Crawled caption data
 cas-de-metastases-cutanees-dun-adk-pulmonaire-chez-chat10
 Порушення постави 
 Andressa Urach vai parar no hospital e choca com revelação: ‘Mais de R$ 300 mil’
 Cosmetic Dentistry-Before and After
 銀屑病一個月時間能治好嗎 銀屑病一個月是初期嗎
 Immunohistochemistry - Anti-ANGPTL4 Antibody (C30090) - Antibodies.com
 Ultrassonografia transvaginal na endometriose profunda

WORK ORDER: Once you find the line containing "銀屑病一個月時間能治好嗎 銀屑病一個月是初期嗎", copy it and every line after it through the end of the records, exactly as they stand.

RESPONSE BOX:
 銀屑病一個月時間能治好嗎 銀屑病一個月是初期嗎
 Immunohistochemistry - Anti-ANGPTL4 Antibody (C30090) - Antibodies.com
 Ultrassonografia transvaginal na endometriose profunda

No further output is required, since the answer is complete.